Australia’s Twenty20 Big Bash League has finally hit the big time, with enormous crowds, quality cricket and a dash of controversy putting it firmly in the public eye-in what could be a threat to the traditional Test format.
Midway through the fifth season of the five-week domestic tournament, interest has never been greater, with a whopping 80,883 people packing the Melbourne Cricket Ground for a recent clash between the Renegades and the Stars.
A Sydney derby this weekend between the Thunder and the Sixers is also expected to be a heaving 42,000 sell-out.
This contrasts sharply with waning interest in Test cricket, as seen in Australia’s recent series against the West Indies. Even the flagship first day of the Boxing Day Test, also at the cavernous Melbourne Cricket Ground, could only attract some 53,000.
“When you get 80,000 at the Big Bash at the MCG and it’s more than you’ve had on day one at the Boxing Day Test, you can see people saying, well, which way is this going? Are the scales tipping?” Cricket Australia boss James Sutherland told reporters.
According to Sutherland, it will be a different scenario when stronger Test teams are in town.
“In two years’ time when the next Ashes series (against England) comes around, people will understand the Big Bash is complementing and living in a symbiotic relationship with international cricket,” he said.
Federation of International Cricketers’ Associations chief Tony Irish is less sure, fearing Test cricket could slowly die unless action is taken as more stars opt for the lucrative, shorter format.
Already several high-profile players have preferred turning out in domestic T20 competitions-where commercial interests, and hence wages, are rapidly growing-rather than for their country.
The once-formidable West Indies are one of the biggest losers with Chris Gayle, Dwayne Bravo and Darren Sammy all showing off their talents in the eight-team Big Bash League rather than the Test series against Australia.
“ICC events are strong because they have context… but bilateral cricket is struggling,” Irish told London’s Daily Telegraph this week.
“Players are starting to turn away from the game because they have an alternative market now.”
He cited the Big Bash League as an example of the changing trend.
“Where are the crowds going? Where is the interest? Where do the players really want to play?”
Big-hitting stars –
Illustrating its burgeoning pulling power, the Sydney Morning Herald reported on Monday that the Big Bash had burst into the top 10 most attended sports leagues in the world alongside the NFL, English Premier League and fellow T20 tournament, the Indian Premier League.
To keep Test cricket relevant and interesting in the face of T20’s rise, a host of former greats, led by Shane Warne and Greg Chappell, have advocated four-day Tests and abolition of the coin toss.
“I would make it four-day Test cricket, 100 overs a day,” said Warne recently.

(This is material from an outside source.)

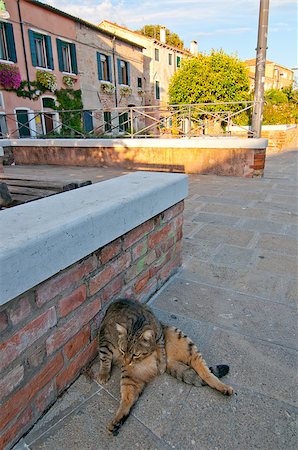 simsearch:400-07272498,k - unusual pittoresque view of Venice Italy most touristic place in the world still can find secret hidden spots Stock Photo - Budget Royalty-Free & Subscription, Code: 400-07264545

“I’d have two half-hour breaks rather than a 40-minute lunch break and a 20-minute tea break, (and) I’d extend it by about half an hour to get those 100 overs in. I think that’s going to be more appealing for people and it’s worth a try.”
Former Australian captain Mark Taylor has also suggested a Test Championship, where three points were awarded for a win and one point for a draw, similar to football.
Powerbrokers, in Australia at least, recognise the need to liven up Test cricket and successfully hosted the first ever day-night Test, using a new pink ball, in Adelaide in November in an experiment which could give a new lease of life to the ailing five-day game.
Boosting the appeal of this year’s Big Bash tournament has been some scintillating cricket from big-hitting stars like England’s Kevin Pietersen, South Africa’s Jacques Kallis and Sri Lanka’s Kumar Sangakkara.
There has also been raging controversy over Melbourne Renegades star opener Chris Gayle, who asked a female TV reporter for a date during a TV interview, sparking condemnation a social media meltdown.